Dead Not Buried

British Prime Minister Theresa May’s Brexit deal is dead. It is just not buried.

The Prime Minister hopes to raise it Lazarus-like and present herself as a political Messiah. But her deal has been shot, knifed, strangled, knocked over the head with the candlestick and thrown into a ditch.

To put the chances of a political miracle into perspective, let us look at the next worse defeat in modern British political history. The current British government lost by 230 votes. The next nearest defeat was in 1924. Ramsay MacDonald’s Labour government had dropped a prosecution against John Ross Campbell, editor of the communist newspaper “The Workers’ Weekly” after he published an article calling on the British armed forces to mutiny in support of a socialist revolution. In that case the majority against the government was a mere 160.

Theresa May likes to portray herself as strong and stable leader with a Churchillian touch of the British bulldog. A better description would be bull headed.

Parliament has given the Prime Minister until Monday to perform her miracle and come up with a Plan B. She has responded by calling a meeting of all party leaders that will dispense with red lines and reach a compromise, breathe new life into the EU Withdrawal Bill and win over 230 dissenting members of parliament.  If this miracle were to happen the result would be a horribly stitched Frankenstein monster .

The biggest problem is not so much the terms of the agreement as the bitter divide between the ruling Conservatives and the Opposition Labour Party of Jeremy Corbyn. The Conservative government is being driven by its far-right wing and Corbyn is so far on the left of the political spectrum that he is in danger of dropping off.  His policies are so extreme that the Conservatives are five points ahead in the opinion polls despite the total Brexit disaster. Corbyn’s only hope of winning power and creating a British workers’ paradise is to allow Theresa May to create a chaotic vacuum into which he can step.

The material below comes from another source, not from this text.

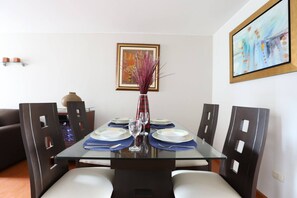 Leilighet | Spiseområde på rommet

That is why, in spite of losing the vote on the EU Withdrawal Bill by 230 votes, the Conservative Party and Northern Ireland’s Democratic Unionists united against Corbyn’s motion of no confidence in the government. They hate the Brexit deal. They are frightened of the Brexit Deal. They hate and are frightened at the prospect of a Corbyn government even more.

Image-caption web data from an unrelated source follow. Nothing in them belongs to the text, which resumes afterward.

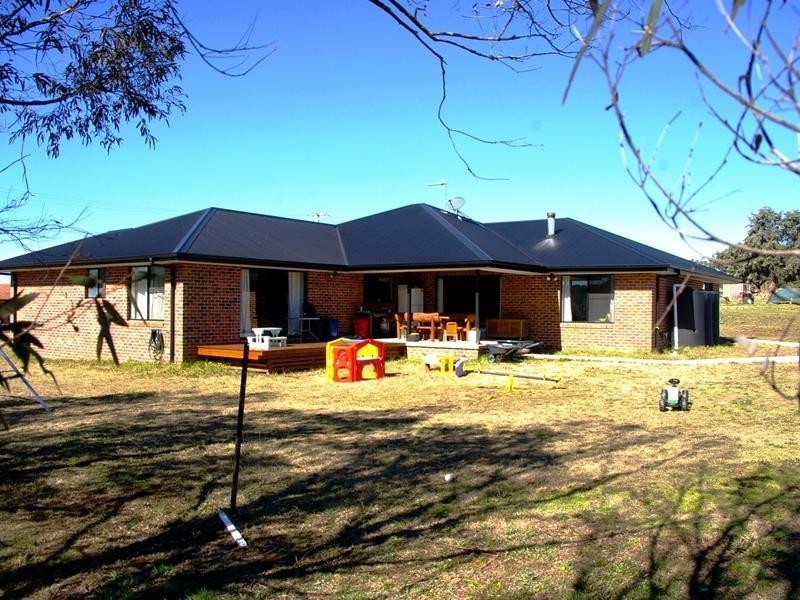 18 Faulkner Street, Uralla NSW 2358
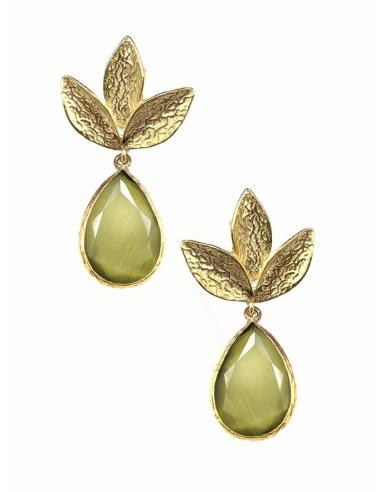 PENDIENTES DE PIEDRA SENCILLOS Y ELEGANTES CON HOJAS DORADAS
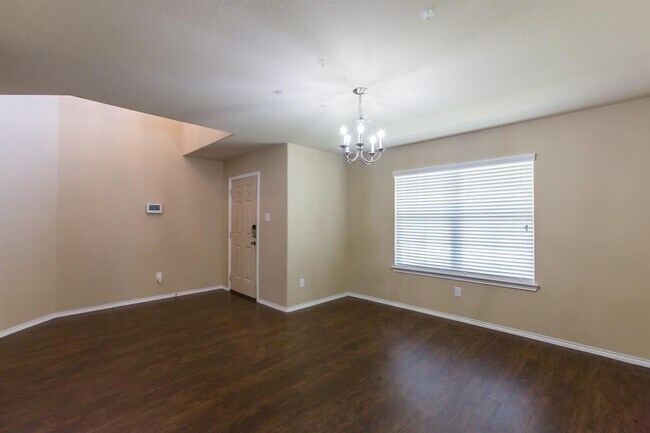 Foto del edificio - 2119 Treasure Mountain Dr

Even if Labour and the Conservatives can surmount their ideological differences for the common good there are other parliamentary differences which need to be overcome. The 2016 referendum was called to resolve the remain/leave split within the Conservative Party. It has only turned the crack into a yawning fissure. Not so well known is a similar division within Labour ranks. It would become painfully apparent should Corbyn succeed in orchestrating and winning a general election.

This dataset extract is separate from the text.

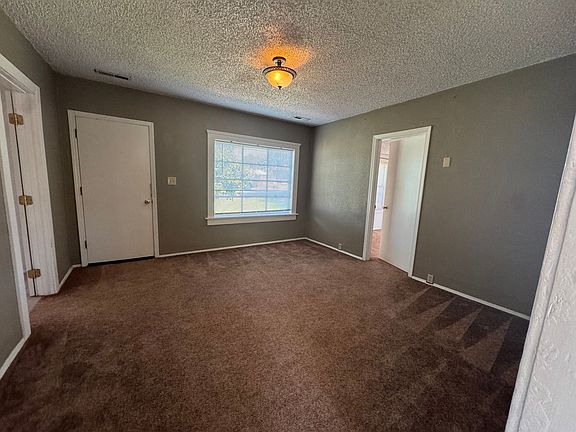 3rd image of 1553 NW Calkins Ave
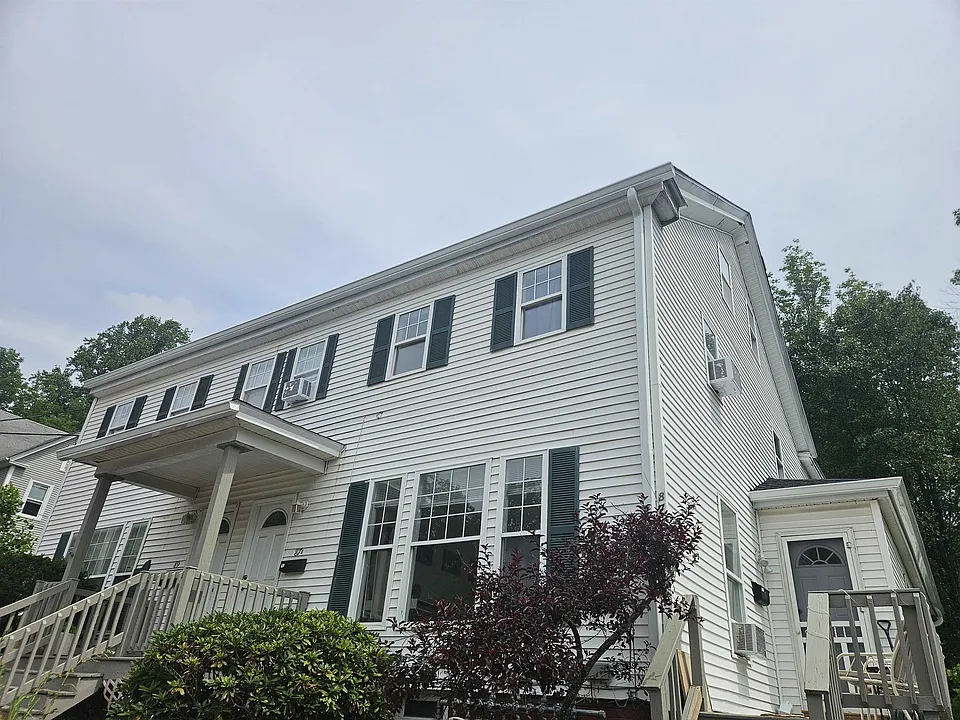 89 6th St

Theresa May is totally opposed to a second referendum. She argues that membership of the EU is not the only issue at stake. The wider—and more important—issue of British democracy is also threatened. British voters were asked what they wanted: In or out. They voted out. It is the duty of the political class to respect the majority decision of the electorate and implement it.

The problem is that the prime minister’s position ignores the political reality that she has failed to implement the mandate of the people. The deal that she has negotiated is unacceptable to their parliamentary representatives who are successfully mirroring divisions within the wider British public. The chaos of no deal is also unacceptable. The only credible alternative is to put the question back to the people in a referendum and to bury Theresa May’s EU Withdrawal Bill.